JPH11171936A - Flame-retardant polyolefin resin - Google Patents

Abstract

PROBLEM TO BE SOLVED: To obtain a flame-retarded polyolefin resin without using a halogen- containing compound as the flame-retardant. SOLUTION: This flame-retardant polyolefin resin contains 0.01-1 unit of a phosphoric acid compound having C=C double bond and grafted to 1 unit of the monomer constituting a polyolefin resin. The phosphoric acid compound is one or more compounds selected from phosphoric acid esters, phosphonic acid derivatives, phosphonic acid esters, phosphinic acid derivatives, phosphinic acid esters, vinylphosphonic acid, vinylphosphonic acid diethyl ester, 2- acryloyloxyethylphosphonic acid, 2-methacryloyloxyethylphosphonic acid and bis(2-methacryloyloxyethyl)phosphonic acid.

Description

DETAILED DESCRIPTION OF THE INVENTION

[0001]

TECHNICAL FIELD The present invention relates to a flame-retardant polyolefin resin.

[0002]

2. Description of the Related Art Many polyolefin resins are inherently flammable resins, and with the expansion of applications in recent years, it has been strongly required that they be flame retardant materials. Is being processed. As a method of making a polyolefin resin flame-retardant, a method of adding a halogen-containing compound is generally employed.
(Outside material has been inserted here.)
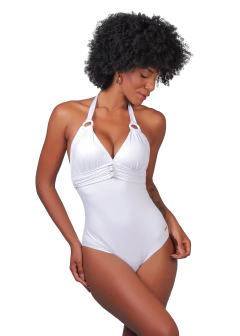 MAIÔ POSITANO FEMININO 00976 BRANCO COM PROTEÇÃO UV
[0003] However, the above-mentioned flame-retarding method may generate a large amount of halogen-based gas at the time of molding or burning, and the generated gas may corrode equipment or affect the human body. In view of the properties, there is a strong demand for a halogen-free flame retarding treatment method that does not use a halogen-containing compound.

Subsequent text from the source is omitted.